Update: Transformers v5 will soon be released and it supports the fused MoE kernels. We will implement the LoRA in PEFT. This repo only supports Transformers v4.
The Qwen3 MoE model (and all other MoE models) in HF Transformers is notoriously slow, because it uses a for loop to access the experts. The purpose of this repo is to fine-tune Qwen3-30B-A3B on a single GPU with 24GB VRAM and achieve high throughput. The implementation is compatible with the HF Transformers ecosystem, such as LoRA, bitsandbytes 4-bit quantization, and Unsloth. See example_train_30b_a3b_unsloth.py
for the usage.
The critical part is to implement the moe_fused_linear
function:
output[b, o] = sum_i weight[selected_experts[b], o, i] * input[b, i]

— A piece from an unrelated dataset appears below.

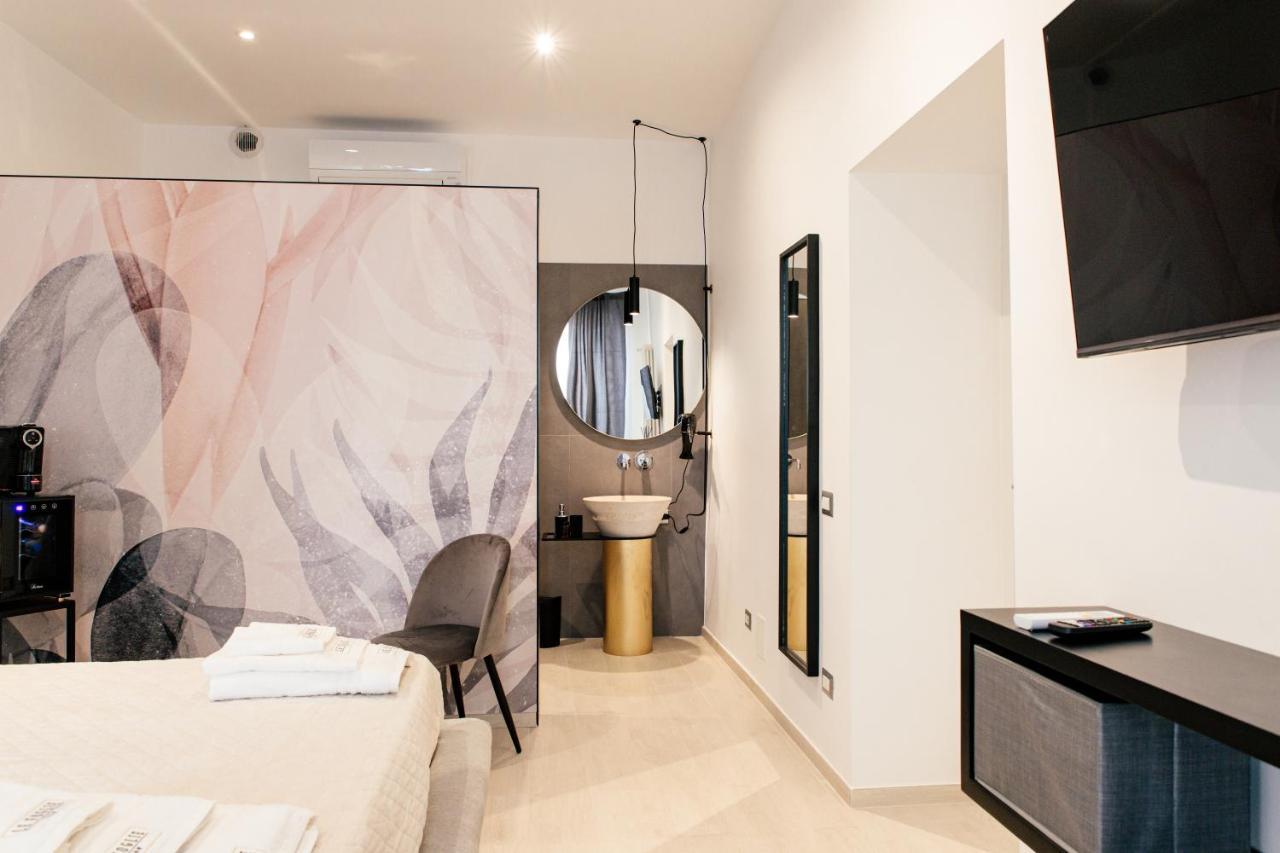 Bed And Breakfast Le Foglie Altamura Ngoại thất bức ảnh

There are already several good implementations, such as triton-kernels, llama.cpp, vLLM, fanshiqing/grouped_gemm. torch._grouped_mm
is also being implemented. We need to sort input
by the experts to improve the memory coalescence of weight
, and more optimizations are explained in https://pytorch.org/blog/accelerating-moes-with-a-triton-persistent-cache-aware-grouped-gemm-kernel/
The implementation in this repo is largely based on the MoE kernel in Unsloth, which is based on the Triton grouped GEMM. I've added strides, masks, and autotune configs for small or 'thin' matrices, which are needed for LoRA.

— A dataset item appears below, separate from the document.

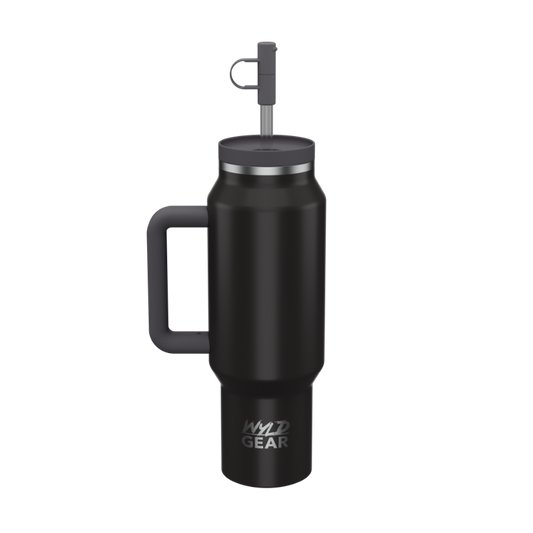 OSU - 40oz Wyld Syde Travel Tumbler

I aim to keep the code readable and easy to follow. I only used the most mature features of Triton, such as load and store, rather than things like TMA and swizzle. I've benchmarked it on RTX 3080 and it's close to the theoretical fp16 and bf16 performance.

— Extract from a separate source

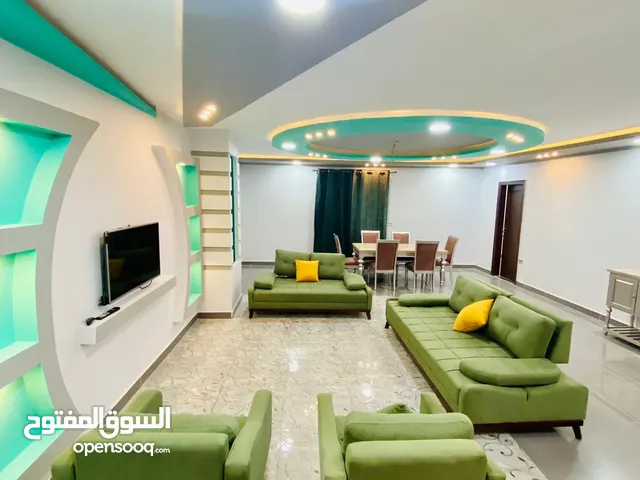 270 m2 3 Bedrooms Apartments for Rent in Cairo Shorouk City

The LoRA for the fused linear layer is defined by first creating a LoRA for the linear layer in each expert, then stack them along the experts dimension. For the weight tensor with shape (num_experts, out_features, in_features)
, the two LoRA weights have shape lora_A: (num_experts, lora_rank, in_features), lora_B: (num_experts, out_features, lora_rank)
. Therefore, we can losslessly convert between the fused and the unfused formats, and a previously trained LoRA can continue to be trained.
The functions in qwen3_moe_fused/convert.py
can convert a model or a LoRA between the fused and the unfused formats. After you train a LoRA in the fused format, you can convert it to the unfused format, then convert it to other formats such as GGUF. llama.cpp already supports this kind of LoRA. Support in vLLM is being implemented, see vllm-project/vllm#21229
- Convert GGUF Q4 with Unsloth Dynamic (UD) quantization (such as https://huggingface.co/unsloth/Qwen3-30B-A3B-Instruct-2507-GGUF ) to the fused bnb format, and see if it has higher intelligence than the regular bnb 4-bit.
- This should work with Qwen3-Next with minimal modification. I haven't started trying this, but feel free to ask if you need it.
- Multi-GPU support. I don't have multiple GPUs at home so I'm not focusing on this. It works with HF Accelerate, see #1 (comment) . It should be straightforward to do data parallel and model/pipeline parallel. If you use Unsloth, you can follow https://docs.unsloth.ai/basics/multi-gpu-training-with-unsloth . Feel free to ask if you see any error.
- Fuse 4-bit dequant and MoE linear, see
qwen3_moe_fused/quantize/layer.py
. Currently I've written a kernel inqwen3_moe_fused/grouped_gemm/forward_4bit.py
but it's slower than the unfused version when the batch size is large.
The files in qwen3_moe_fused/grouped_gemm/
are modified from the Unsloth MoE kernels so they are AGPLv3 licensed, see the explanation. For more robust and performant integration, it's possible to use the MIT licensed triton-kernels as an alternative.
The rest of this repo, including files modified from Transformers, PEFT, and bitsandbytes, are Apache-2.0 licensed.